But I think you can kind of see the key drivers here. You can think about net interest income having a good growth trajectory as we think about all the different items I just talked about. The fees, we continue to expect that mid single digit type of growth. And our expenses, we’ve been able to manage quite prudently. So we expect to achieve meaningful positive operating leverage next year.
Gunjan Kedia, Chief Executive Officer, U.S. Bancorp: And John, I’ll just add, this is Gunjan. We are very confident in our expense management disciplines because our four signature programs have runway still to go and the revenue outlook is positive. It does depend on the fee mix. As you know, we are very focused on improving our fee mix and that tends to attract more expense we are very glad to do. So that’s the range.
But the business model lends itself to meaningful positive operating leverage for next year. It’s just a matter of level.
Analyst: Okay. Got it. Got it. And then on
John Pancari, Analyst, Evercore: the fee side, also some clear momentum there, some pretty good upside this quarter. And as you mentioned in your prepared remarks, you’re certainly seeing some of the momentum follow through in terms of your key drivers and in your payments space as well.

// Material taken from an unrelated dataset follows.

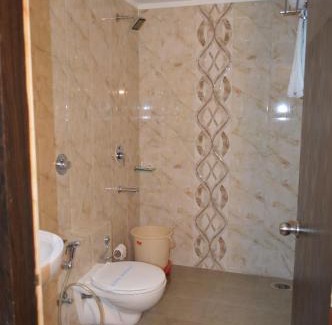 Civil Lines Hotel | Hotel Galaxy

I mean, guess on the payment side, can you give us a little more color in terms of the drivers of the growth that you’re seeing there and your confidence in that mid single digit expectation? And is there anything from the standpoint of customer acquisition or the benefits of the investments that you’ve made that you’d call out here as being key drivers to what seems to be a more sustainable consistency around your fee performance as of late?
Gunjan Kedia, Chief Executive Officer, U.S. Bancorp: Thank you. We are feeling very confident in the broad based strength of the fees. And let me just share two things, and then I’ll get to the specifics on payments. We have made a lot of progress over the last twelve months on creating an operating model that creates interconnectivity between our product sets. So the fees are lifting each other.
Our relationship teams, our sales and marketing efforts are multiproduct, the product design is multiproduct, And all of that is leading to a measurable lift in effectiveness of marketing dollars. So that gives us some real shift in the trajectory here. What we track internally on payments, for example, is new card acquisitions that we can measure today that have grown nicely from past trends and it takes twelve to eighteen months for that revenue to catch up. We are also seeing material strength in sold but not installed business on businesses like CPS and merchants. So all of that leads us to have confidence in our mid single digit fee guidance across the whole portfolio and payments overall with upside over time as we gain momentum.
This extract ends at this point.